-- Opening Marker --
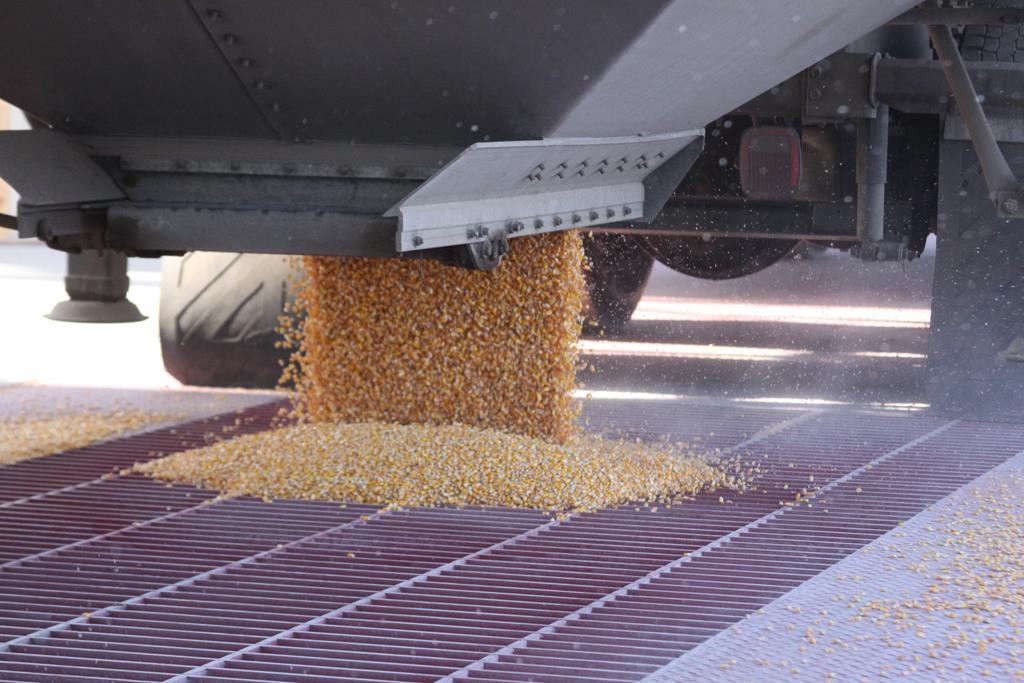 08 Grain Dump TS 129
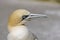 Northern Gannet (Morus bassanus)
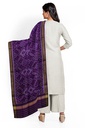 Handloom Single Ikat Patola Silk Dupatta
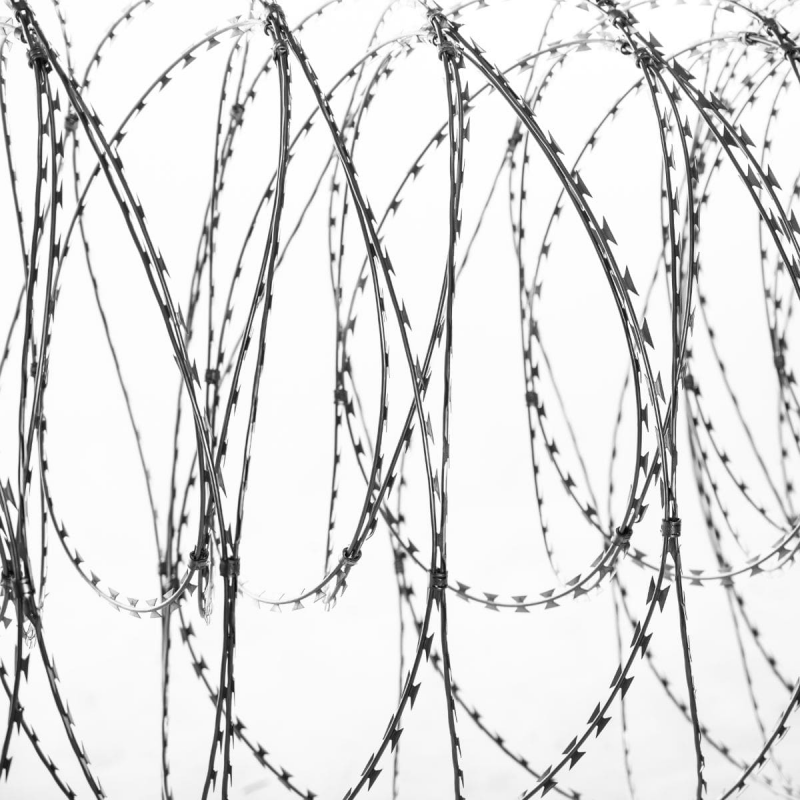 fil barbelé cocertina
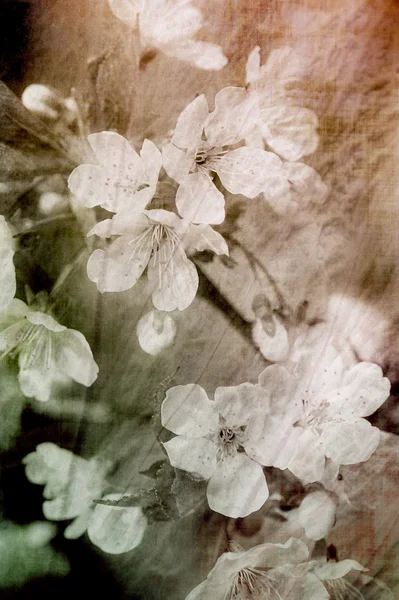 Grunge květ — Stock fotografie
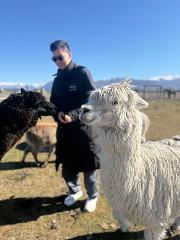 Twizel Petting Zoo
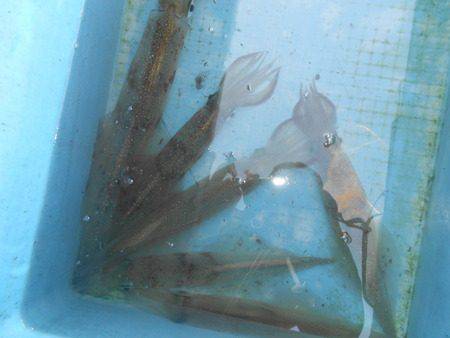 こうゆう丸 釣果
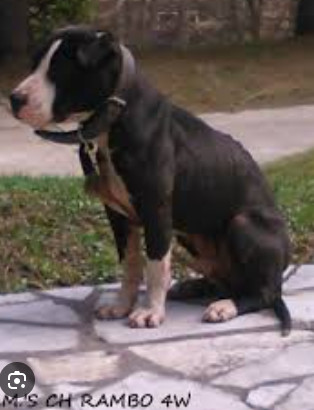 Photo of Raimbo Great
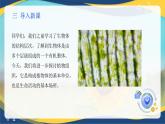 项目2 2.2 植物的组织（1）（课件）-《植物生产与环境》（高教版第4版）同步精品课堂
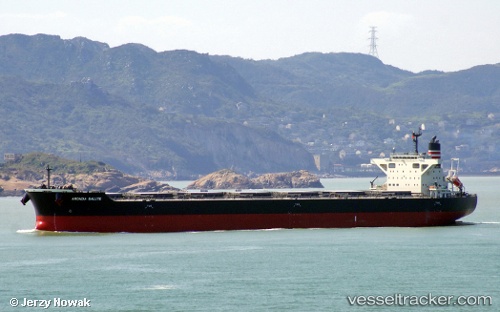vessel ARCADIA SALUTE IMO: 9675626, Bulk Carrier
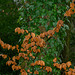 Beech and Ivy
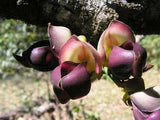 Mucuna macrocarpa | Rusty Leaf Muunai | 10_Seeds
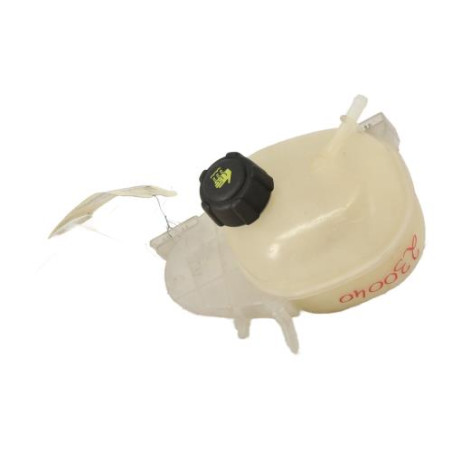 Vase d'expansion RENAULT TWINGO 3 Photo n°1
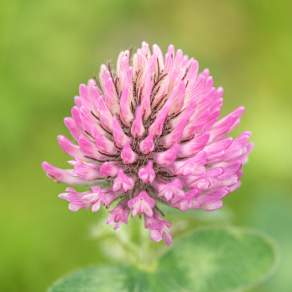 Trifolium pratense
-- Closing Marker --
-- Opening Marker --
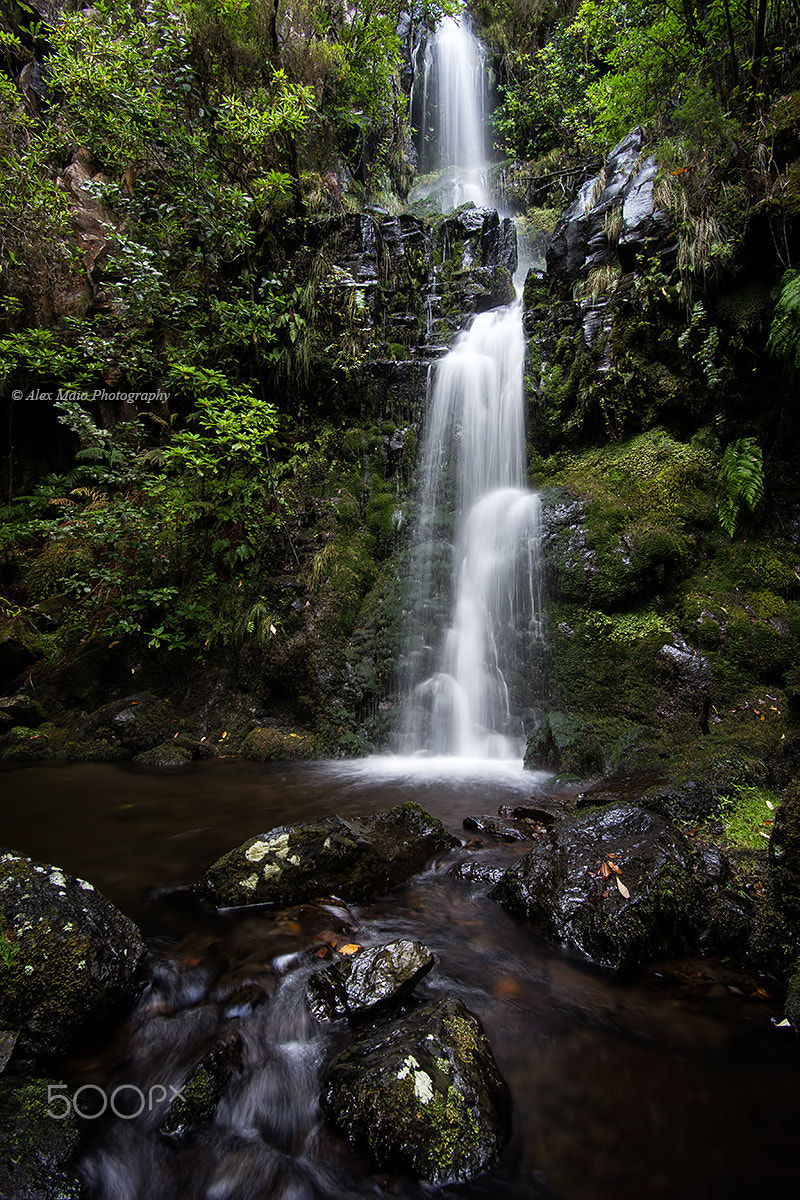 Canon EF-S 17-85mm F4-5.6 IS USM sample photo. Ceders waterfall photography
-- Closing Marker --
-- Opening Marker --
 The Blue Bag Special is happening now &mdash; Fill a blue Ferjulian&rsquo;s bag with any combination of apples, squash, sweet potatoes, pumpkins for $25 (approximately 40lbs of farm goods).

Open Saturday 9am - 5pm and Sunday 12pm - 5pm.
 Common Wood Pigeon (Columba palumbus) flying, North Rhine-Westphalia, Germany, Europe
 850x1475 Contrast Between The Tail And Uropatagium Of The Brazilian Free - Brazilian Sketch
-- Closing Marker --
(WHAT YOU WILL DO) Skip every picture, and restate word for word only the lines above from the line containing "Photo of Raimbo Great" to the line containing "Trifolium pratense", both of them included.

(YOUR RESPONSE)
 Photo of Raimbo Great
 项目2 2.2 植物的组织（1）（课件）-《植物生产与环境》（高教版第4版）同步精品课堂
vessel ARCADIA SALUTE IMO: 9675626, Bulk Carrier
 Beech and Ivy
 Mucuna macrocarpa | Rusty Leaf Muunai | 10_Seeds
 Vase d'expansion RENAULT TWINGO 3 Photo n°1
 Trifolium pratense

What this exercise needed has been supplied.